# Lesson 5: Supervised Learning - Identifying Rig State (Sliding vs Rotating)

# ------------------------------
# 📚 SECTION 1: Welcome & Framing
# ------------------------------

Welcome to Lesson 6! 🎉

Last time we used synthetic data in our slide/rotate identification example. 

Today we're going to use the real drilling data set from the Forge 16A.

We'll start with an Unsupervised data to apply initial labeling, then train a Supervised model on those labels.

We'll finish with an evaluation of different types of Supervised ML Models.

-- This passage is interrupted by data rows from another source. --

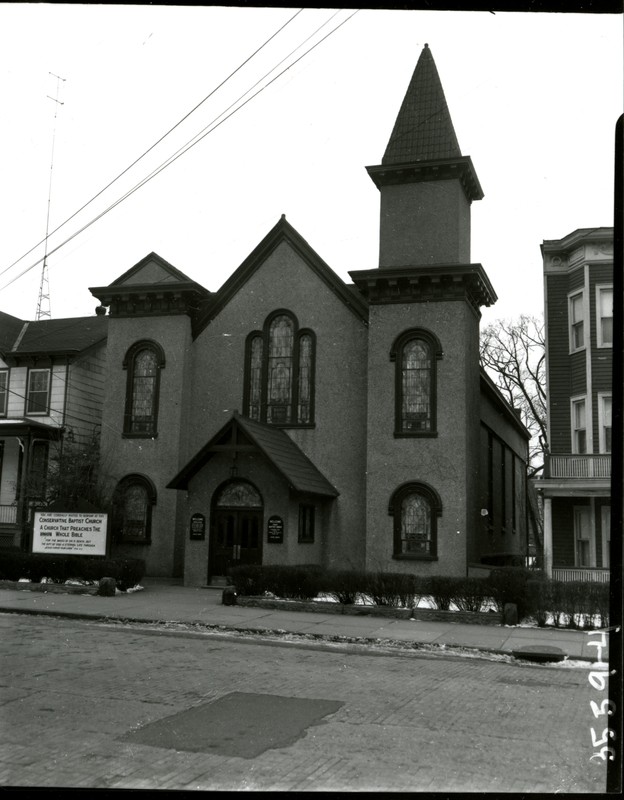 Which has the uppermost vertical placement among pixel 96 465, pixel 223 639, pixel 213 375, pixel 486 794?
pixel 213 375

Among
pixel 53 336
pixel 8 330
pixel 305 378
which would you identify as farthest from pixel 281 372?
pixel 8 330

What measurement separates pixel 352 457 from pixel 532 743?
1845 cm

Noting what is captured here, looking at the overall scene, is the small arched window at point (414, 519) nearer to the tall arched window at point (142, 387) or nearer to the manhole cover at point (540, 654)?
the tall arched window at point (142, 387)

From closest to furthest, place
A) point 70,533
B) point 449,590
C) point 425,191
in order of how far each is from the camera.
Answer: point 449,590
point 70,533
point 425,191

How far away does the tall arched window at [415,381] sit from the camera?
24.1 metres

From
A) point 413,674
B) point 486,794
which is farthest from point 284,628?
point 486,794

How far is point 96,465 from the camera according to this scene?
88.9ft

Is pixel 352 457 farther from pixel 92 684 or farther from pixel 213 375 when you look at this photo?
pixel 92 684

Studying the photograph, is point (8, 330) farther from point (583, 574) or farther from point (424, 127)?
point (583, 574)

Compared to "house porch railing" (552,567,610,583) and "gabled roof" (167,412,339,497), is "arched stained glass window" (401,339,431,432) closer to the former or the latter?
"gabled roof" (167,412,339,497)

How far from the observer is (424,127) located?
2586cm

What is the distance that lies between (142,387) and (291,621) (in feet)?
43.7

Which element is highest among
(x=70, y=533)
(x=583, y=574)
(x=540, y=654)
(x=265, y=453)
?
(x=265, y=453)

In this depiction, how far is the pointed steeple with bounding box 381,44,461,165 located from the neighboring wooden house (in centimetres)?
1392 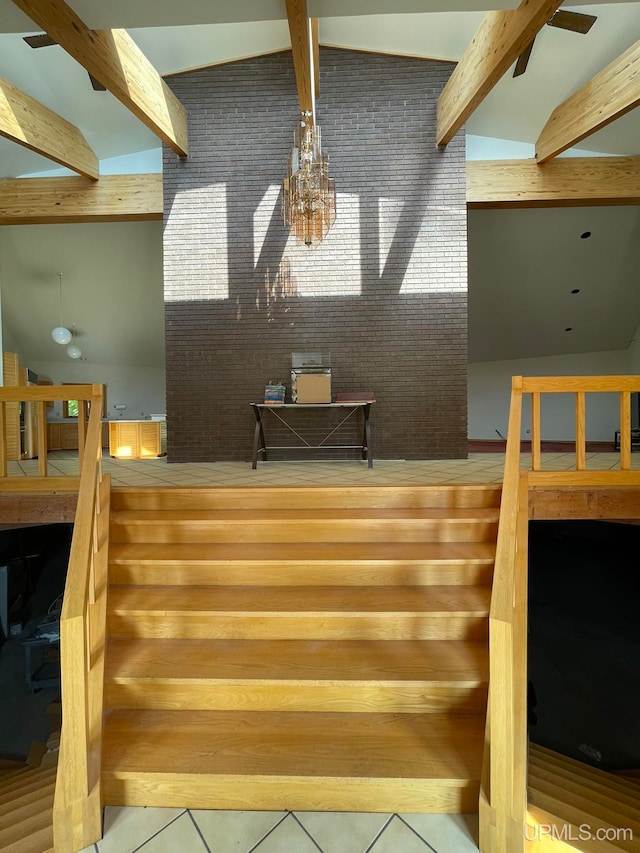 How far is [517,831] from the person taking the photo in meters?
1.45

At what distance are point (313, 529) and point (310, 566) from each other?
0.31 m

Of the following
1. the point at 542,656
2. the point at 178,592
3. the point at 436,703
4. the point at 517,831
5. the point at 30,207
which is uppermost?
the point at 30,207

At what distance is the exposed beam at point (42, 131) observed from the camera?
410 cm

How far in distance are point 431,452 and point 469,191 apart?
3.01 metres

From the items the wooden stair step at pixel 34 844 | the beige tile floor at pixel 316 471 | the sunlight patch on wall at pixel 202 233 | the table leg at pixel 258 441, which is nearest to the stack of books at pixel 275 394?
the table leg at pixel 258 441

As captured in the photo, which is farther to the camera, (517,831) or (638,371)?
(638,371)

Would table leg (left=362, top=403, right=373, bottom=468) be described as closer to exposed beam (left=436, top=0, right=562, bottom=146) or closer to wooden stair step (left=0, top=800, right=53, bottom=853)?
exposed beam (left=436, top=0, right=562, bottom=146)

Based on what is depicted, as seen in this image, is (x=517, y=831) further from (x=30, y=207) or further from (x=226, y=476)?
(x=30, y=207)

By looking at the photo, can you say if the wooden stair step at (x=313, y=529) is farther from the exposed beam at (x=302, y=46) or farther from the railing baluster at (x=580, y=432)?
the exposed beam at (x=302, y=46)

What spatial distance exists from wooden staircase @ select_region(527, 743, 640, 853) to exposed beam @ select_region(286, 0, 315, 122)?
13.9 feet

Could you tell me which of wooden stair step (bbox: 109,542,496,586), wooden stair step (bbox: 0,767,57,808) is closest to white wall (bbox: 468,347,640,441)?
wooden stair step (bbox: 109,542,496,586)

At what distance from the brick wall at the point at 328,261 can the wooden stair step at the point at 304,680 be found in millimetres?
3244

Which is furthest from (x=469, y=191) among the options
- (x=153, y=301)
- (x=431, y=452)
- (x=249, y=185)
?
(x=153, y=301)

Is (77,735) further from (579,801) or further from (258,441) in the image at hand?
(258,441) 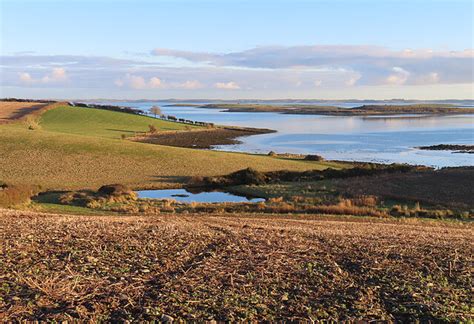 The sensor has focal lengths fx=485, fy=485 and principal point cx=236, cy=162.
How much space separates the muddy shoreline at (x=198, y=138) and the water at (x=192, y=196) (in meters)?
47.6

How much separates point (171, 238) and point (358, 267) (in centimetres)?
527

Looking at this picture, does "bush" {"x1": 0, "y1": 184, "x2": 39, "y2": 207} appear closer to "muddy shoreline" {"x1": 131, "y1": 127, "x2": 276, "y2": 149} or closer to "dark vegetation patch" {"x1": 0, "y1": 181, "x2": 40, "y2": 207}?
"dark vegetation patch" {"x1": 0, "y1": 181, "x2": 40, "y2": 207}

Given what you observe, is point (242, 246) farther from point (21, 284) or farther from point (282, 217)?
point (282, 217)

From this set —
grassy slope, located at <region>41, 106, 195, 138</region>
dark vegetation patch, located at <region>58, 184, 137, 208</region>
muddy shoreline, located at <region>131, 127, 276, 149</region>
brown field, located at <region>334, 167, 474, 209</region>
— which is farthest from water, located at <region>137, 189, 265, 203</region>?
grassy slope, located at <region>41, 106, 195, 138</region>

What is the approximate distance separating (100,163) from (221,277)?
50794 millimetres

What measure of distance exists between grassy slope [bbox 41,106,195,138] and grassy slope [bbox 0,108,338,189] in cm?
3601

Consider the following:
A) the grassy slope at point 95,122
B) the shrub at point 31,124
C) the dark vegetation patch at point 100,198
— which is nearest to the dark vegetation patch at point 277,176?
the dark vegetation patch at point 100,198

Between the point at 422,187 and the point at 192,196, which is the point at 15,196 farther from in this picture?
the point at 422,187

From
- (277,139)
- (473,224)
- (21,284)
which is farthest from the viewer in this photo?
(277,139)

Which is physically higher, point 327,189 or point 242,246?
point 242,246

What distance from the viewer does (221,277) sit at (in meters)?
10.3

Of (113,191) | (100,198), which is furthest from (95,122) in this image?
(100,198)

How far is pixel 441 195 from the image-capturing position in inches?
1604

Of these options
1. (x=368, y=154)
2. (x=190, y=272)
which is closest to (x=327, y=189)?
(x=190, y=272)
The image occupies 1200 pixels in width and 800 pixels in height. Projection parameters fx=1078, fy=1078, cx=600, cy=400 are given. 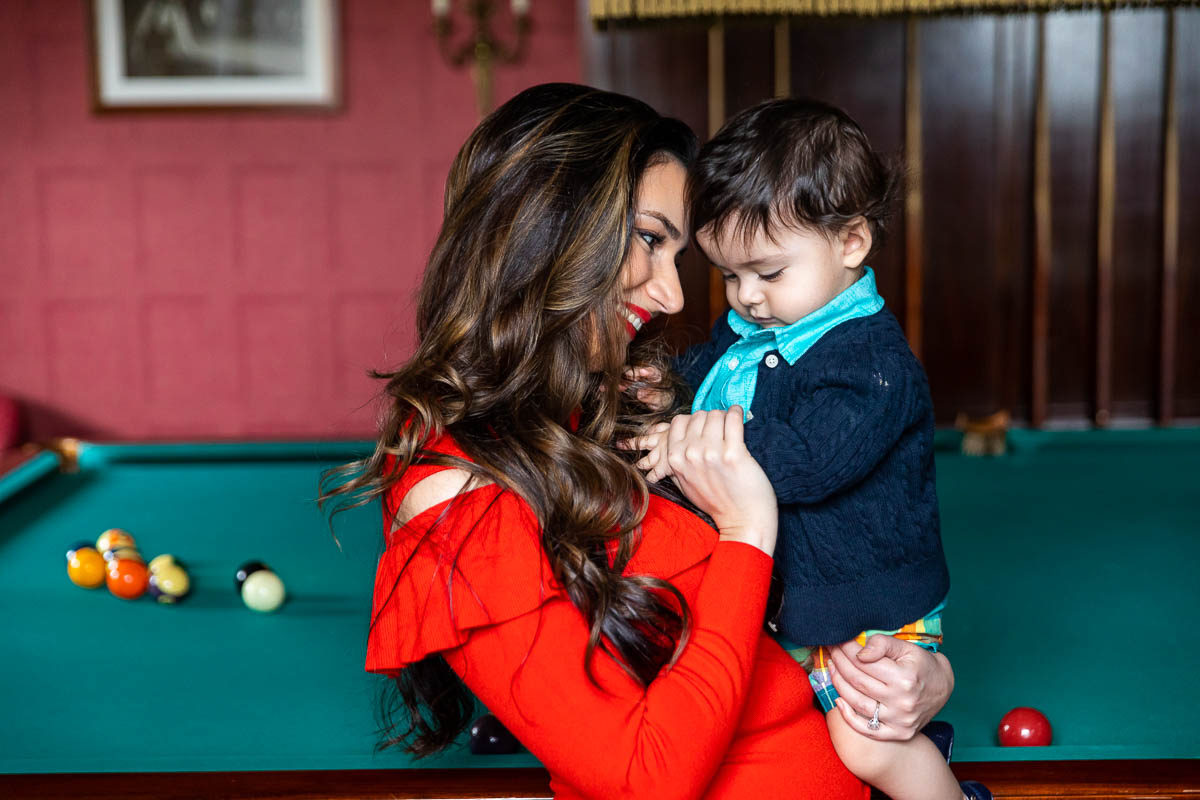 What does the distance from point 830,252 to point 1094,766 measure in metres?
0.65

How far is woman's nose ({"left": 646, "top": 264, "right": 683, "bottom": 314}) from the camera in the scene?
1.18 meters

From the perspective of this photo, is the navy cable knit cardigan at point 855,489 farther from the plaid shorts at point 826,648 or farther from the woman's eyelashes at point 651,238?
the woman's eyelashes at point 651,238

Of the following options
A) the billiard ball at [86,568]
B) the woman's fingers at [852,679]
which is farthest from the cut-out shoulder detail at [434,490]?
the billiard ball at [86,568]

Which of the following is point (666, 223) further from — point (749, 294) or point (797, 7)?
point (797, 7)

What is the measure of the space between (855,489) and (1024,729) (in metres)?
0.38

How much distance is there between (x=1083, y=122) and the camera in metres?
4.44

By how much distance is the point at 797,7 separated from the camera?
1.84 meters

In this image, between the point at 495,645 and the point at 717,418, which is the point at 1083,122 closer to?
the point at 717,418

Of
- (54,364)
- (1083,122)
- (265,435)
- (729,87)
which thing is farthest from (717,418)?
(54,364)

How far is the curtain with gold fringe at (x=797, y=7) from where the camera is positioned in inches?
71.9

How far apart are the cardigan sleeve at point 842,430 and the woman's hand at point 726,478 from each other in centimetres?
11

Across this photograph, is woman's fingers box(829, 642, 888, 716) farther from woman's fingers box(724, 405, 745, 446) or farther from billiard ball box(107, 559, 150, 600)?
billiard ball box(107, 559, 150, 600)

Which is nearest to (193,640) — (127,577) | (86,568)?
(127,577)

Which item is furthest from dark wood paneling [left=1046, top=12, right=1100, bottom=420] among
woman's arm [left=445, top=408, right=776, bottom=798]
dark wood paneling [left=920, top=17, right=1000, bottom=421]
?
woman's arm [left=445, top=408, right=776, bottom=798] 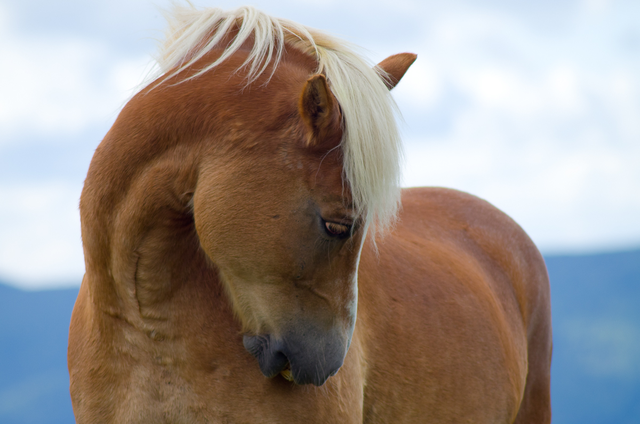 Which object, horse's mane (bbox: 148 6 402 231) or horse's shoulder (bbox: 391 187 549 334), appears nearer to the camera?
Result: horse's mane (bbox: 148 6 402 231)

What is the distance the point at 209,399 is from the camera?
5.40ft

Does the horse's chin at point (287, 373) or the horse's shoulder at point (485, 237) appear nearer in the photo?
the horse's chin at point (287, 373)

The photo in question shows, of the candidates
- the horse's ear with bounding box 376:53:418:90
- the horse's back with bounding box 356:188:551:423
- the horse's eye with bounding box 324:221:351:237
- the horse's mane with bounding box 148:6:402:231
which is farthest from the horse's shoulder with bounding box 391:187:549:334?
the horse's eye with bounding box 324:221:351:237

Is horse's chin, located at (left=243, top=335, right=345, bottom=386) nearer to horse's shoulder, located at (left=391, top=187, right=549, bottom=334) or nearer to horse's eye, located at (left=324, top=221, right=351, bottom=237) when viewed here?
horse's eye, located at (left=324, top=221, right=351, bottom=237)

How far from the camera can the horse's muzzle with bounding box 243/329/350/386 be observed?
5.03ft

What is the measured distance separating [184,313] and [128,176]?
484 mm

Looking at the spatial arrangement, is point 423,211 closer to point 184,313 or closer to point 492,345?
point 492,345

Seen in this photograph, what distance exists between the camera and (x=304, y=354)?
1.53m

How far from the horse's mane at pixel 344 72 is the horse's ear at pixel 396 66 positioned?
6cm

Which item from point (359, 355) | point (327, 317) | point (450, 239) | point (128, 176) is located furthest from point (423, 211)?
point (128, 176)

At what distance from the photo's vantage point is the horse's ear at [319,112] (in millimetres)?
1431

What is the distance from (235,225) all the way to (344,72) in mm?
581

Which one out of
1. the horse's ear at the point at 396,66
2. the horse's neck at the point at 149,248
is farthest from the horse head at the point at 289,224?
the horse's ear at the point at 396,66

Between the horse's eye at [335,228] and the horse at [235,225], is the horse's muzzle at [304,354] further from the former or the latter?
the horse's eye at [335,228] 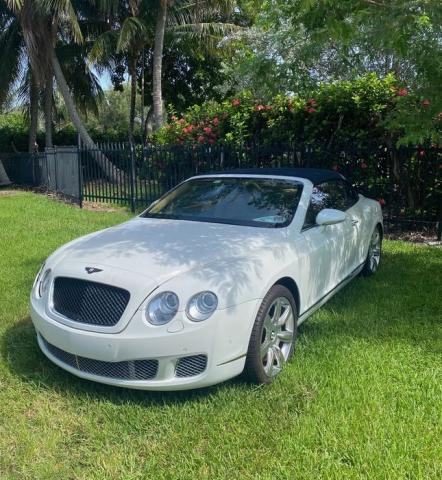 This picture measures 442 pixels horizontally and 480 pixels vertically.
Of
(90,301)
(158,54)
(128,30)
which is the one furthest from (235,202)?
(128,30)

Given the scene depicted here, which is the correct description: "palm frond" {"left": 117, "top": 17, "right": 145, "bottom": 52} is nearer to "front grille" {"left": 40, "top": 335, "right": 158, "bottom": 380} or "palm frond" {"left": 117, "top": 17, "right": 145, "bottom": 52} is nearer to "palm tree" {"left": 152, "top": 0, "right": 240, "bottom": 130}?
"palm tree" {"left": 152, "top": 0, "right": 240, "bottom": 130}

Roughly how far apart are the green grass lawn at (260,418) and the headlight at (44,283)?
1.85 ft

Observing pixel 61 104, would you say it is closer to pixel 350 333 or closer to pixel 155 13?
pixel 155 13

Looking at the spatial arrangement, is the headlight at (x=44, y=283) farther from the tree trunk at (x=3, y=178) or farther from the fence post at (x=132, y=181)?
the tree trunk at (x=3, y=178)

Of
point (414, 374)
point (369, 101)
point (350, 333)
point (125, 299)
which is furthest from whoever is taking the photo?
point (369, 101)

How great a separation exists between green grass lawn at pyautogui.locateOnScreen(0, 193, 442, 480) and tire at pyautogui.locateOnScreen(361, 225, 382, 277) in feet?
4.78

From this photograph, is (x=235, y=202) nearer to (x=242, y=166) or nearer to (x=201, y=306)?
(x=201, y=306)

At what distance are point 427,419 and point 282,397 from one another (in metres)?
0.89

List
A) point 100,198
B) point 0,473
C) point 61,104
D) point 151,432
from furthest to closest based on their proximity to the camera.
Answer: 1. point 61,104
2. point 100,198
3. point 151,432
4. point 0,473

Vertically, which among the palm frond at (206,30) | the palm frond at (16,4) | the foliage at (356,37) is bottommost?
the foliage at (356,37)

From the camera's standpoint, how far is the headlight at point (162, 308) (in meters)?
3.16

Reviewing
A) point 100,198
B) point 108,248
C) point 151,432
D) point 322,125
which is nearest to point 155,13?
point 100,198

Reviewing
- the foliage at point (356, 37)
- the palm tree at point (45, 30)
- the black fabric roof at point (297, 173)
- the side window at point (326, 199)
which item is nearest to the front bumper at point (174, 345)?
the side window at point (326, 199)

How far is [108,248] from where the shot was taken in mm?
3840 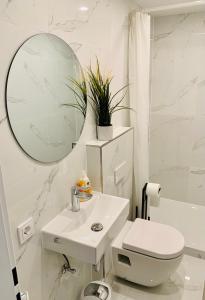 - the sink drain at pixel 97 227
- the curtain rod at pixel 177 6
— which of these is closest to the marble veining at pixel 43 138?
the sink drain at pixel 97 227

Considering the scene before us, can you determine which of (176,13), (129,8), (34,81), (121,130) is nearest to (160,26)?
(176,13)

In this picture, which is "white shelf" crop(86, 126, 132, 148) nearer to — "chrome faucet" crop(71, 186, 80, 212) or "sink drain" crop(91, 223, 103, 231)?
"chrome faucet" crop(71, 186, 80, 212)

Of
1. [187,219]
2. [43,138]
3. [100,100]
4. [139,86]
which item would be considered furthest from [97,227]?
[187,219]

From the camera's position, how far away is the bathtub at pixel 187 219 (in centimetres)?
232

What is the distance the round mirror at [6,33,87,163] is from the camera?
3.55 feet

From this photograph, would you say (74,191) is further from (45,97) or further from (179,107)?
(179,107)

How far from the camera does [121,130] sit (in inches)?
84.5

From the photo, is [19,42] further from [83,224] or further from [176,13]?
[176,13]

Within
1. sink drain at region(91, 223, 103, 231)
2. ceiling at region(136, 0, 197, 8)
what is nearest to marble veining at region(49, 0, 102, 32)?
ceiling at region(136, 0, 197, 8)

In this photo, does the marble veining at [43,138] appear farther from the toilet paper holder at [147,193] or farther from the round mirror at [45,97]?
the toilet paper holder at [147,193]

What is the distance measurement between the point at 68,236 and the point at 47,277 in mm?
326

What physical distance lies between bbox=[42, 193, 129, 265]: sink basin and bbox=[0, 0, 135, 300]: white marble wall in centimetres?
7

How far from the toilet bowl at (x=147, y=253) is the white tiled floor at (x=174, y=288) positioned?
0.29ft

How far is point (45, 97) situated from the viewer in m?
1.26
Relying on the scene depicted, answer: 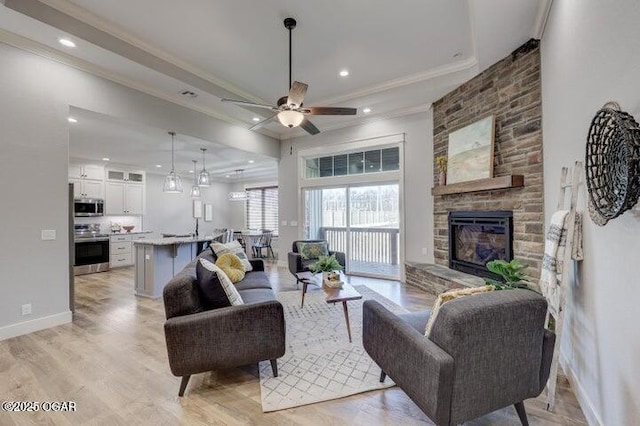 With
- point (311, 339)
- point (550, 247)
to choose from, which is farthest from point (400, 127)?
point (311, 339)

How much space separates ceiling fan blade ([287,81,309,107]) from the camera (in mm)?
2834

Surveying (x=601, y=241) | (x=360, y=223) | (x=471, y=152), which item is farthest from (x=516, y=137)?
(x=360, y=223)

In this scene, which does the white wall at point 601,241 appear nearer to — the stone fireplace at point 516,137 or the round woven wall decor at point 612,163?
the round woven wall decor at point 612,163

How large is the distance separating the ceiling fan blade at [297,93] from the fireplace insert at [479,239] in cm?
288

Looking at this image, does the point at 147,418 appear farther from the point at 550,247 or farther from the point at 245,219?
the point at 245,219

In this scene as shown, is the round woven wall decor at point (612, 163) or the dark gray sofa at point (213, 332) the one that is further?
the dark gray sofa at point (213, 332)

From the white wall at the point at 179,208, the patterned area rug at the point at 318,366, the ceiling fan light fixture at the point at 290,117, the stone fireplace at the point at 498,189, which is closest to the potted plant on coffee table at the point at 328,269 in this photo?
the patterned area rug at the point at 318,366

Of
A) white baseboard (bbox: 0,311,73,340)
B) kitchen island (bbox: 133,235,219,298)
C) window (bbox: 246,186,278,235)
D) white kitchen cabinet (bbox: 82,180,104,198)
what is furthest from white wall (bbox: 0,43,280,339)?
window (bbox: 246,186,278,235)

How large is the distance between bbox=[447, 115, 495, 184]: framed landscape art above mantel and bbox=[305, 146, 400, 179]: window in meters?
1.25

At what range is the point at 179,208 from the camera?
966 centimetres

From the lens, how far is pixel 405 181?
5391mm

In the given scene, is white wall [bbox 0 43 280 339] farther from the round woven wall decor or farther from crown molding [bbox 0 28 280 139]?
the round woven wall decor

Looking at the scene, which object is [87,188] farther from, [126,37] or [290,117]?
[290,117]

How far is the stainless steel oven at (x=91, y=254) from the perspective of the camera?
656 cm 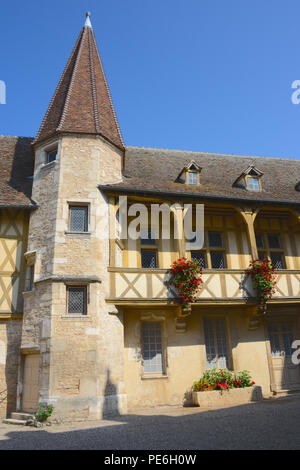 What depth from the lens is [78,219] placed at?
9.97m

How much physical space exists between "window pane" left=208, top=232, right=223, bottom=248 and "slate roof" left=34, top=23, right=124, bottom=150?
4107mm

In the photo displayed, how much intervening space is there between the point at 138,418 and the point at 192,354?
2931mm

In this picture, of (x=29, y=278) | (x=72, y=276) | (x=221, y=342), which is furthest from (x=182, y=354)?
(x=29, y=278)

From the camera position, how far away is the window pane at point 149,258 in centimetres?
1110

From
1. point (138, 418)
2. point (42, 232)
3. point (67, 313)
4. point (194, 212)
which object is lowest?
point (138, 418)

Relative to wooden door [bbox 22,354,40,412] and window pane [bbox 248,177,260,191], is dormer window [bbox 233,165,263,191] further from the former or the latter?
wooden door [bbox 22,354,40,412]

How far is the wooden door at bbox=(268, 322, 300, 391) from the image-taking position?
1089 cm

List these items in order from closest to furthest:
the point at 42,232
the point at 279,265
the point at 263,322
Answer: the point at 42,232, the point at 263,322, the point at 279,265

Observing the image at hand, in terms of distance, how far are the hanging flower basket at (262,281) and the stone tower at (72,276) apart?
3890mm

# ------------------------------
# 📚 SECTION 2: Load & Transform Data
# ------------------------------

## Today we're using real drilling data from Forge 16 A. Let's load the drilling dataset.

### Bring in Forge drilling data

In [None]:
import os
import numpy as np
import pandas as pd
import matplotlib.pyplot as plt
#check the current working directory
# print(os.getcwd())
# os.chdir("..")

file_path = "c:\\Users\\RDavis\\Desktop\\Github\\python-for-drilling-engineers\\module_5\\slide_rotate_runs_df.csv"
df = pd.read_csv(file_path)

In [None]:
from google.colab import drive
import pandas as pd
drive.mount('/content/drive')

file_path = '/content/drive/My Drive/python-for-drilling-engineers/module_6/slide_rotate_runs_df.csv'

df = pd.read_csv(file_path)

## Calculated Features

We'll create some rolling averages & rolling standard deviations in order to better train our model.


In [None]:
#set the rig time to a datetime object
df['rig_time'] = pd.to_datetime(df['rig_time'], format='%Y-%m-%d %H:%M:%S')
df['rig_time_delta'] = df['rig_time'].diff()
df['rig_time_delta'] = df['rig_time_delta'].fillna(0)
df['rig_time_delta'] = pd.to_timedelta(df['rig_time_delta'])
print(df['rig_time_delta'].dtype)
# convert the rig time delta to seconds
df['rig_time_delta'] = df['rig_time_delta'].dt.total_seconds()
avg_freq = df['rig_time_delta'].median()
print(f"Average frequency: {avg_freq:.2f} seconds")
# df['td_rpm_rolling_mean']

Calculate RPM & TQ Rolling Avg per minute.
Calculate RPM & TQ Rolling Standard Deviation per minute.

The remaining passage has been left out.